I would like to be able to download a single block from the Bitcoin network.

This should be an old block, already mined, and which I can know the nonce.

Then I would like, via bash linux commands, to verify that such nonce solves the block.

Thanks to a question asked here, I know I could look at

https://blockchain.info/block-height/474044?format=json

However this is JSON, I imagine I can't use it to verify the nonce.

Hence my question is:

  1. How can I download a block?
  2. What is the file format of such block?
  3. At what bytes start the nonce field I can increment, for example with a Python script?
  4. Once I get to put the right (and known :) ) nonce how can verify that the block is solved? I mean, its hash should starts with lots of zeros, could I treat the block as a string and pass directly to the python hashlib function?

Thanks in advance.

7

However this is JSON, I imagine I can't use it to verify the nonce.

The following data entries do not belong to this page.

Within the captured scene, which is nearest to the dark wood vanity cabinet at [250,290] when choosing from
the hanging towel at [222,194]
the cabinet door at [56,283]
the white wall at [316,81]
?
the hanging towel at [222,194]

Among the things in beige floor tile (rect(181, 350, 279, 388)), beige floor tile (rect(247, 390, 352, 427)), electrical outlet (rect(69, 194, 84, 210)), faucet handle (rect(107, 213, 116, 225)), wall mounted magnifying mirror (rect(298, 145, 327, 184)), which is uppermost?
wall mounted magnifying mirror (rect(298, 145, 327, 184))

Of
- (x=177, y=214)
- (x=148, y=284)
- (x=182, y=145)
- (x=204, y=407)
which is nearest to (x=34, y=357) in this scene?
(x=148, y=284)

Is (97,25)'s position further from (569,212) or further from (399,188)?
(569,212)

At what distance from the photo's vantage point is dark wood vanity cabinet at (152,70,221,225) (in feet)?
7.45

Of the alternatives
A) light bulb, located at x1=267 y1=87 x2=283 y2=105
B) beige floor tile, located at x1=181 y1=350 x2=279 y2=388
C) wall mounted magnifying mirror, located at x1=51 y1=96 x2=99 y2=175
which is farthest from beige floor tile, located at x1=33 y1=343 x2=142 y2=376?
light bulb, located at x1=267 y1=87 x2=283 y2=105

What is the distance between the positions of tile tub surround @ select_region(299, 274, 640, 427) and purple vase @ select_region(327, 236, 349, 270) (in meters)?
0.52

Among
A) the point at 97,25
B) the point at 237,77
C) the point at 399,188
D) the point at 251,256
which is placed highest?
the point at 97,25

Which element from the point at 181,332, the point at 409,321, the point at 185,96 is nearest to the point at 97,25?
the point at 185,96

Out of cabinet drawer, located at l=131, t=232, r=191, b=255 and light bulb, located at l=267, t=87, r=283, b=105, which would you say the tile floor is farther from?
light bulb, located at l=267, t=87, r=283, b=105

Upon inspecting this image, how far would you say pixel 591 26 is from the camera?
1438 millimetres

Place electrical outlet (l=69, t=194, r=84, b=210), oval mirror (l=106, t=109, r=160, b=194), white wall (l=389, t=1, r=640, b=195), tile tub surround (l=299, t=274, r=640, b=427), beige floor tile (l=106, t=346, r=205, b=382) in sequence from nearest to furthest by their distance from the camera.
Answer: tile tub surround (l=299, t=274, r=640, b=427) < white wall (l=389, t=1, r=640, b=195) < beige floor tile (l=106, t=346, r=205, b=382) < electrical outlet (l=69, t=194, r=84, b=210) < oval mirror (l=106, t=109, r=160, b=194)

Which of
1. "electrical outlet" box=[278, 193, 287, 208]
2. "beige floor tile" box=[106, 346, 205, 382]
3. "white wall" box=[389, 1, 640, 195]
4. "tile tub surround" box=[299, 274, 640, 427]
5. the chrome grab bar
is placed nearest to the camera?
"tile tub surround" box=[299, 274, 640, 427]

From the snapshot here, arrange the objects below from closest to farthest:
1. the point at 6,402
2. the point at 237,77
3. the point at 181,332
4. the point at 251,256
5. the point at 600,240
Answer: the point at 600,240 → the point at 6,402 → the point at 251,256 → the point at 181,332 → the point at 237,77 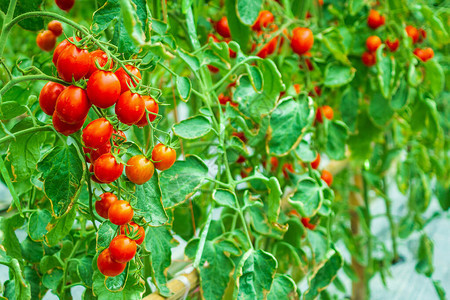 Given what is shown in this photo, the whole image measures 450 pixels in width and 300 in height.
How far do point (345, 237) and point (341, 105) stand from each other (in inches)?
16.8

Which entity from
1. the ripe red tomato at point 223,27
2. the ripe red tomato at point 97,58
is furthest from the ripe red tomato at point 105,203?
the ripe red tomato at point 223,27

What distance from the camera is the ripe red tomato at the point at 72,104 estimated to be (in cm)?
29

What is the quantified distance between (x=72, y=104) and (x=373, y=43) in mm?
602

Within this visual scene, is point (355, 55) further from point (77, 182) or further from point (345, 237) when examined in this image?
point (77, 182)

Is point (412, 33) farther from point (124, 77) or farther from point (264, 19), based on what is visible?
point (124, 77)

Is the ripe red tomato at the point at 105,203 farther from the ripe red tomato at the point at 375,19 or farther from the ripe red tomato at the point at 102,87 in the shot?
the ripe red tomato at the point at 375,19

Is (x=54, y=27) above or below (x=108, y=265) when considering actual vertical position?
above

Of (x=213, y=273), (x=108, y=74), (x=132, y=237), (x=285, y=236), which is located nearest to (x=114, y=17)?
(x=108, y=74)

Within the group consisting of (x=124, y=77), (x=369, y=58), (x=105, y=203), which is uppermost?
(x=124, y=77)

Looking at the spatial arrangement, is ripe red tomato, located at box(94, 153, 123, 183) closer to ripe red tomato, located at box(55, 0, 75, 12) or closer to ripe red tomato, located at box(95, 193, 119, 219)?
ripe red tomato, located at box(95, 193, 119, 219)

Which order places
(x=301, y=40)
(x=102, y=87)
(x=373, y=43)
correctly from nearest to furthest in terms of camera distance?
(x=102, y=87) < (x=301, y=40) < (x=373, y=43)

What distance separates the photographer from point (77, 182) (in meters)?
0.34

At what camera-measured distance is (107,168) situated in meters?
0.31

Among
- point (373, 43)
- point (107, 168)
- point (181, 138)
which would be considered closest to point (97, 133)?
point (107, 168) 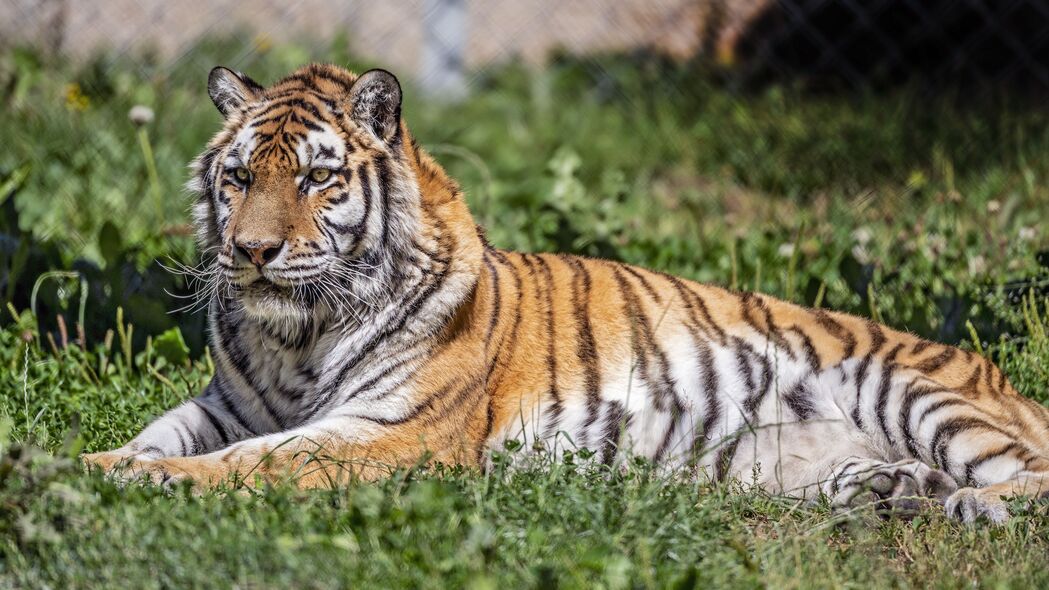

You can. You can build the block header using the data at the beginning of the JSON object and then hash that. Of course it would be easier to get the block hex, which you can get by going to the block hash on blockchain.info and appending ?format=hex to the url. For example, for the block height you linked, the hex of that block can be found here: https://blockchain.info/block/000000000000000000ff265a641721e79bbc559d8b0e4894332732109f1a3383?format=hex

How can I download a block?

Get the block hex. That is the raw data for the block itself. You could make it a file by putting the hex in a hex editor or just save the hex as a string in a text file.

What is the file format of such block?

Blocks don't have a file format. They are just blobs of binary data which you will need to understand how to parse. https://bitcoin.org/en/developer-reference#serialized-blocks explains the block serialization.

At what bytes start the nonce field I can increment, for example with a Python script?

The part that is hashed is the block header, the first 80 bytes of the block. The nonce is the last 4 bytes of that header. You can read about the format of the block header here: https://bitcoin.org/en/developer-reference#block-headers

Once I get to put the right (and known :) ) nonce how can verify that the block is solved? I mean, its hash should starts with lots of zeros, could I treat the block as a string and pass directly to the python hashlib function?

No. The block header is not a string. It is a blob of binary data. In python, the easiest thing to do is to make it a bytes object and then pass it in to hashlib.

If a block's proof of work is valid (note that does not mean the block itself is valid), then after you hash it with SHA256 Double, you treat the output as an integer and compare it to the nBits field of the header. The nBits field a 4 byte field beginning 8 bytes from the end of the header and is a compact representation of the target. You can read about how to interpret it here: https://bitcoin.org/en/developer-reference#target-nbits. The block hash (treated as a large integer) must be less than the target specified by the nBits field.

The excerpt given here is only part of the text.